Soft particle glasses are used as rheological additives in many applications including coatings, solid inks and textured food and cosmetic products but their formulation is largely empirical. A quantitative connection between their formulation and rheology is critical to enable their rational design. Their microstructure will lead to the microscopic origin of some unique properties in common with other soft crowded materials like intracellular cytoplasm and clays. These are complex fluids and require novel techniques to characterize them. A study of these techniques is essential to efficiently interpret the observations in terms of their macroscopic properties and the microscopic dynamics involved.

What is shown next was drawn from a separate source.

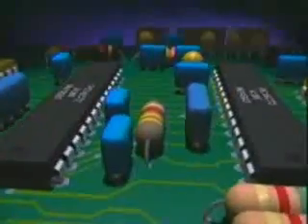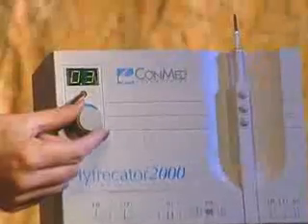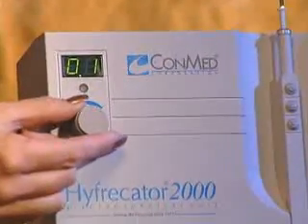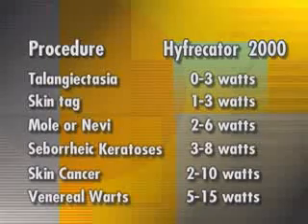The Hyfercator 2000 presents significant advances in precise energy delivery at low power settings — the effects it delivers at very low power settings are the most precise for a device of its type. Because the Hyfercator 2000 is so precise, it may require slight power adjustments at low power settings to optimize the clinical effect. A suggested power setting chart has been included with your Hyfercator 2000 to assist you in achieving the very best clinical results. Now you're ready to begin.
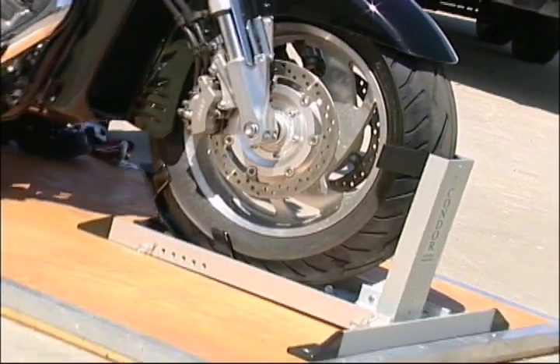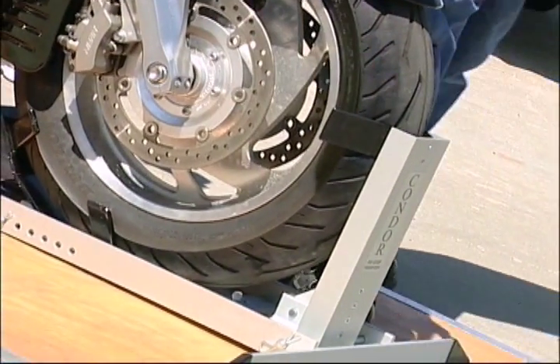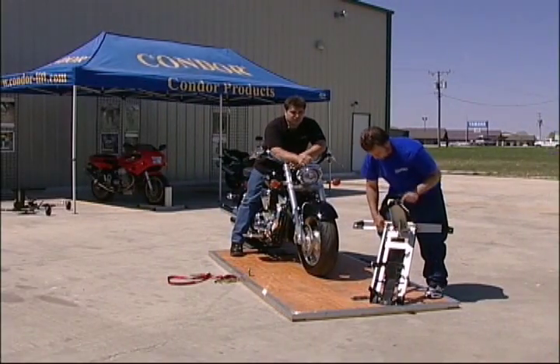What's nice about our device is that the only components that are touched on your motorcycle are the tread components of your tire — nothing else. This particular model weighs 21.5 pounds and is rated for 2400.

Particle scale simulations of steady and oscillatory shear flow are developed to predict the nonlinear rheology and microstructure of these glasses. The origin of yielding is determined as escape of particles from their cages giving rise to a shear induced diffusion. Microrheology is studied by developing simulations of a probe particle being pulled at a constant force and the rheological information from microrheology is quantitatively connected to that from bulk rheological measurements.
Soft particle glasses develop internal stresses when quenched to a solid state by flow cessation during processing. Experiments are performed to characterize and a priori predict these stresses. Simulations are used to determine the particle scale mechanisms involved in the stress relaxation on flow cessation and the microstructural origin of internal stresses.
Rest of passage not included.